NATO has begun deploying Patriot missiles in Turkey in a bid to protect the country from the threat of war from neighbouring Syria, according to the US military’s European Command (EUCOM).
EUCOM said in a statement on Friday that US military personnel and equipment were sent to Incirlik Air Base in southeastern Turkey to support NATO’s Patriot battery deployment at Ankara’s request.
Up to 400 troops are expected to be transported to Tukey within the week to operate two Patriot batteries supporting NATO’s mission there. Additional equipment is scheduled to arrive by sea this month.
“The deployment of six Patriot batteries, including two each from Germany and The Netherlands, is in response to Turkey’s request to NATO,” EUCOM said in the statement issued from its offices in the southwestern German city of Stuttgart.

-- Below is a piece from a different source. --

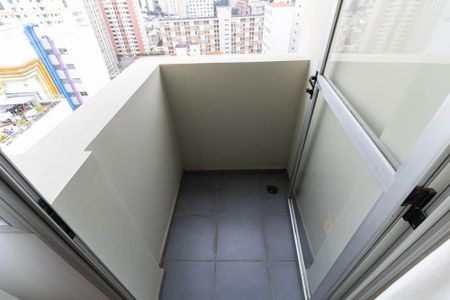 Apartamento para alugar com 44m², 1 quarto e 1 vaga Apartamento para alugar com 44m², 1 quarto e 1 vagaVaranda da Sala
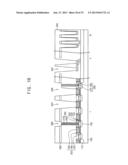 SEMICONDUCTOR DEVICES AND METHODS OF MANUFACTURING THE SAME diagram and image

“The forces will augment Turkey’s air defence capabilities and contribute to the de-escalation of the crisis along the Alliance’s border,” it added.
The statement said that the timline of the deployment would be determined by the contributing nations in coordination with Turkey and NATO.

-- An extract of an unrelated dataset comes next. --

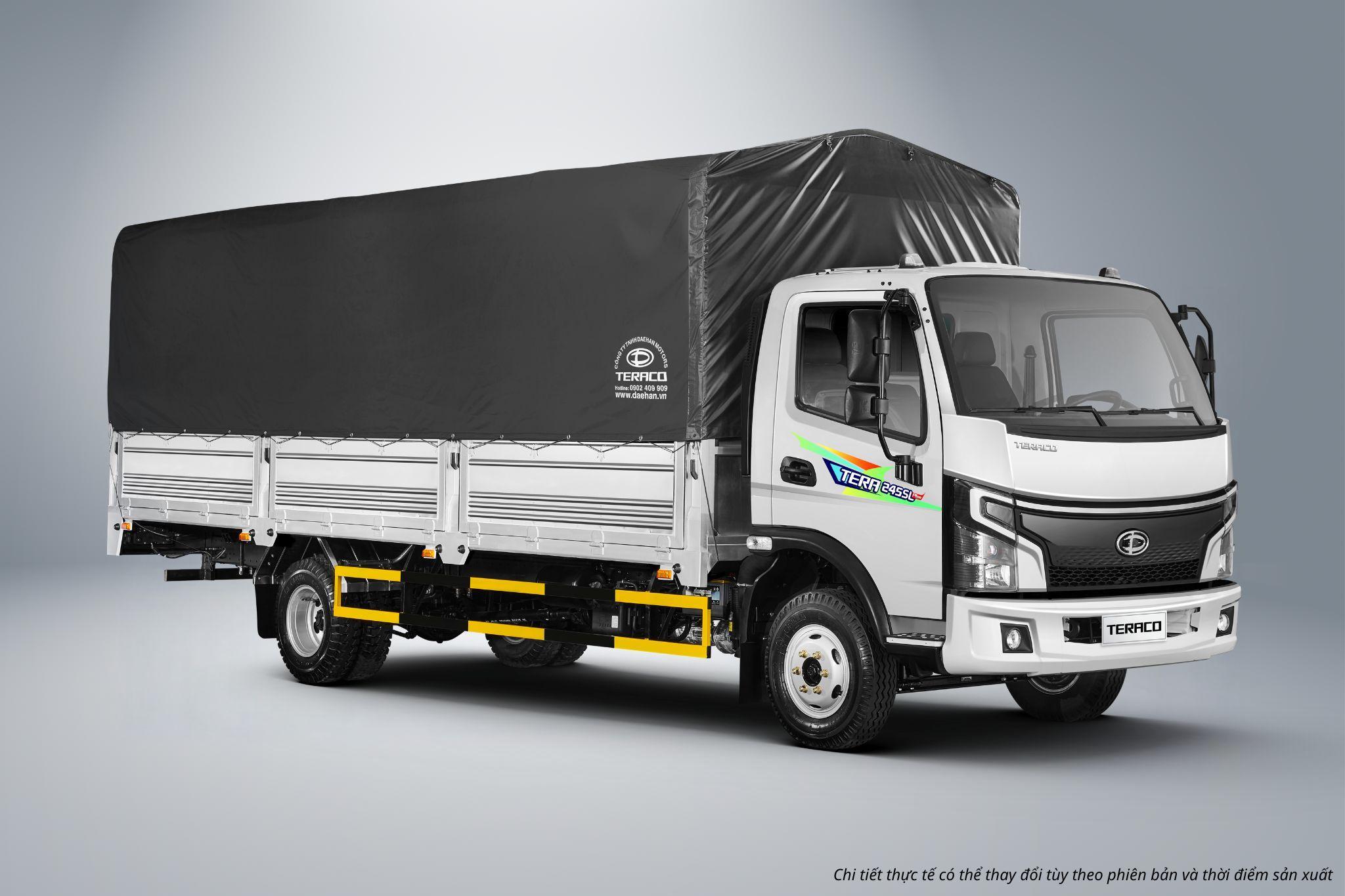 TERA 245SL Plus Bạt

EUCOM deputy commander Charles Martoglio said the Patriot batteries would fall under NATO command “when set-up is complete and the systems are operational in the next several weeks”.
“The deployment will be defensive only and will not support a no-fly zone or any offensive operation,” he added.

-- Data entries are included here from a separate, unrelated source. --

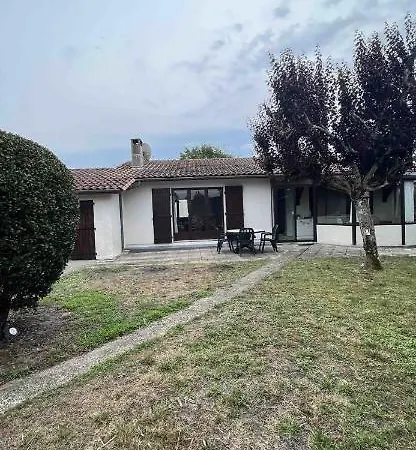 Maison Proche Biscarrosse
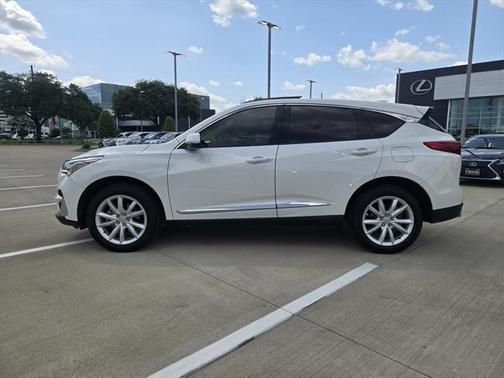 2021 Acura RDX Base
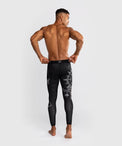 Venum Legginsy Gladiator 5.0 Czarno-srebrne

Germany, The Netherlands and the United States have agreed to supply the ground-to-air missile batteries, which Turkey requested after repeated cross-border shelling from Syria. A recent attack on the border has killed five civilians.
NATO-member Turkey, a one-time Damascus ally, has turned into one of its most vocal opponents over the 21-month civil war in Syria, which according to monitors, has killed an estimated 60,000 people.